AtelierClockwork

Know When to Punt

December 17, 2015

Which I’m Not Good at

Sometimes I hit a problem which is significantly more effort than it looks to be at first glance. Sometimes it was underestimating difficulty, sometimes due to unexpected limitations with tools, sometimes paying back technical debt, or any number of other reasons.

Often it involves cursing my past self in some way.

One skill that I’m attempting to cultivate is figuring out if the underlying problem is part of the original task, or if it’s an unrelated bug or a bigger task that needs to be planned properly.

For example, I was working on a bug involving a table view not showing any content if the view was loaded too quickly after log in. After adding some notifications to the login process, I got the view to load data when the final data set from log in was pulled.

This then exposed a series of edge cases involving the reload spinner, the empty state for the table view, and a fetched results controller.

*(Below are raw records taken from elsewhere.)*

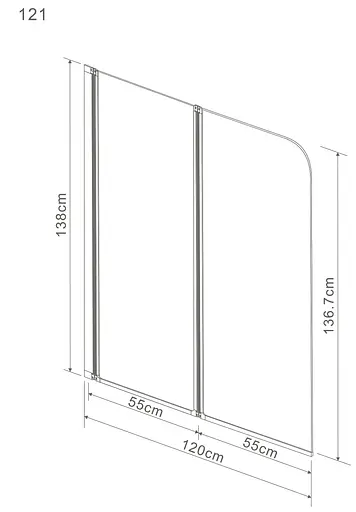 Шторка для ванны Eger 599-121CH - фото 2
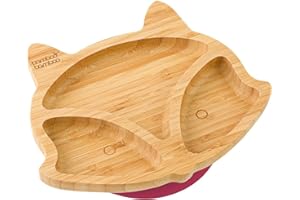 bamboo bamboo Baby Plate and Toddler Plate, Suction Plate for Feeding and Weaning, Bamboo Fox Plate with Secure Suction, Suction Plates for Babies from 6 Months (Fox, Cherry)
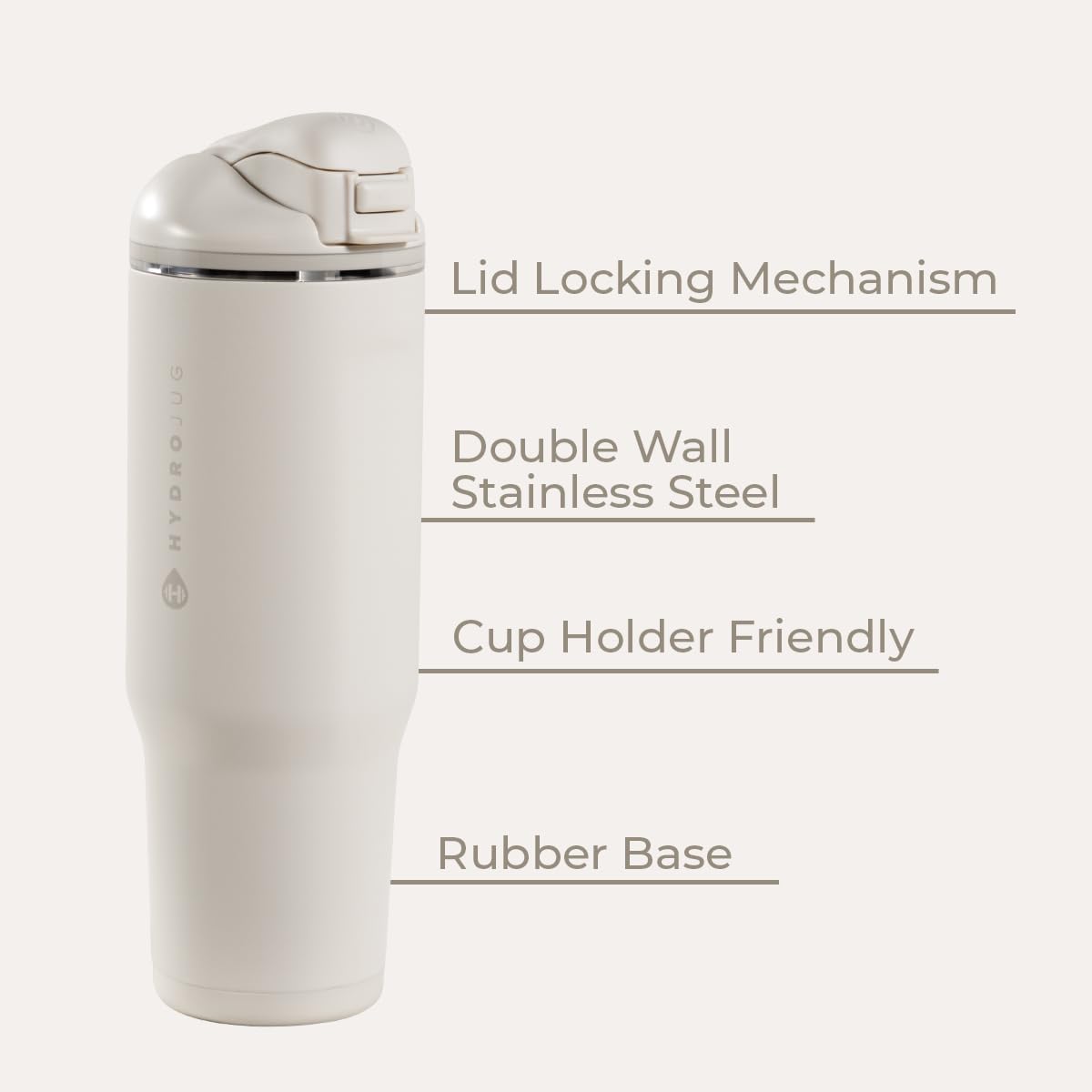 HydroJug Ease2o Water Bottle with Straw & Chug Lid, Stainless Steel, Vented Cap to Help Reduce Pressure, Water-Level Window, Cup Holder Friendly, Non-Slip Base – 32oz, Linen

I tried the easy fixes and got the view to a state that’s fully functional and doesn’t look awful as it reconciles the state involved, but it still has a visual hiccup I’m not fond of.

Making it work right is going to take a refactor of the view controller and some structural changes to the view hierarchy, which isn’t too large of a task but involves the potential to introduce new bugs to fix a visual defect in an edge case.

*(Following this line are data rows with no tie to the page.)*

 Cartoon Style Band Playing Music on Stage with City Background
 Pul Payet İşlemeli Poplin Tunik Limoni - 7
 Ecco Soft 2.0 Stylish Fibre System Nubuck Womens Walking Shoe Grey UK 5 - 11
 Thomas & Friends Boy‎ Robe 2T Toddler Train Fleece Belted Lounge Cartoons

I was sorely tempted to just tear apart the bits of the view, do the refactor, and pull request it because it would fix the new problems that I had found.

Instead, I pull requested the fix that got the page into a decent shape with the fewest required changes to the code, and filed an issue in our project management system about the visual issues, and an outline of my proposed solution in the comments.

This then freed me up to stop thinking about the problem, and move onto the next high priority issue that needs to be addressed before the app can ship. It also gets the problem in front of the project manager to decide where it falls in priority order compared to the other features and bugs that need to be addressed.